President's Teaching Scholars Program




Andrea Herrera

Women's and Ethnic Studies Department

WEST 3020 (Autobiography and the Creation of the Self) Course Description:

I am currently teaching a course I created titled Autobiography and the Creation of the Self. I have taught this course on several occasions, and rethink and consequently revise it every time it is offered.

The course is designed to introduce students to the concept of identity formation, and the manner in which this term has been conceptualized through a wide range of art forms including painting, film, literature and various written and oral testimonial expressions. Students are asked to consider the manner in which the various authors and artists present the self (in terms of delivery and form), and pay special attention to the role that race or ethnicity, class, gender, sexuality, cultural heritage and the idea of nationhood play in their works.
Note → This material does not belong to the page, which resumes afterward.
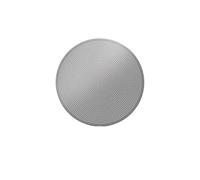 Espresso Puck Screen Filtro For Caffè Riutilizzabile Supporto In Acciaio Inossidabile 0.2mm For 51/54/58mm Portafiltro For Caffè Barista Accessori(53mm Puck Screen)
More specifically, we consider the ways in which authors and artists from various backgrounds have used their autobiographical writing and art work to position themselves as subjects within, and engage in a dialogue with, both their own communities and within dominant society.

In addition to writing 2 critical essays, which focus on and compare and contrast at least 2 works or texts treated in class, students have a mid-term examination, and they are asked to develop a final presentation that is autobiographical in its focus. Students are given the opportunity to submit critical questions for the exam; and they are given the opportunity to focus on a single work in their first critical essay, and then build upon this work in their second essay. Those who choose to develop their first essay not only capitalize on the work they have already done for the course—something that many choose to do given their incredibly complex schedules—but they simultaneously benefit from my comments, etc., which they receive on their first essay.
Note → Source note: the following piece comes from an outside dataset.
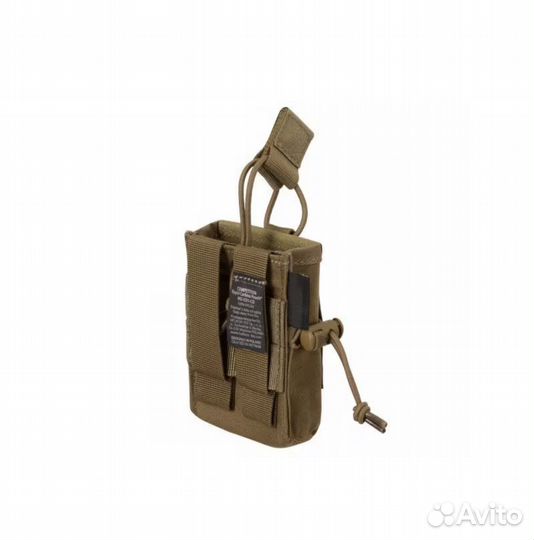 Подсумок Helikon competition rapid carbine pouch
At the most fundamental level, this course overturns traditional approached to autobiography and challenges students to consider the manner in which identity and self can become performative. This final presentation is perhaps the most challenging and complex of all of the course requirements, for it calls on students to contemplate the representation of the self. In this sense, I am implementing what many scholars refer to as an embodied pedagogy.

For my part, the most difficult aspect of the course is calibrating how to present what more often than not proves to be poignant and painful narratives (such as Elie Wiesel’s Night or Harriet Jacobs Incidents in the Life of a Slave Girl) from an intellectual perspective without losing sight of the human experience—the agony and the suffering—that is at the core of many of these narratives.

Although I receive feedback from students at the end of the course in the form of FCQ’s, I ask students for specific oral feedback following the mid-term and again at the end of the semester. Nearly all of the changes/alterations I have made in my syllabus or in my approach to teaching the course are based on this very important feedback.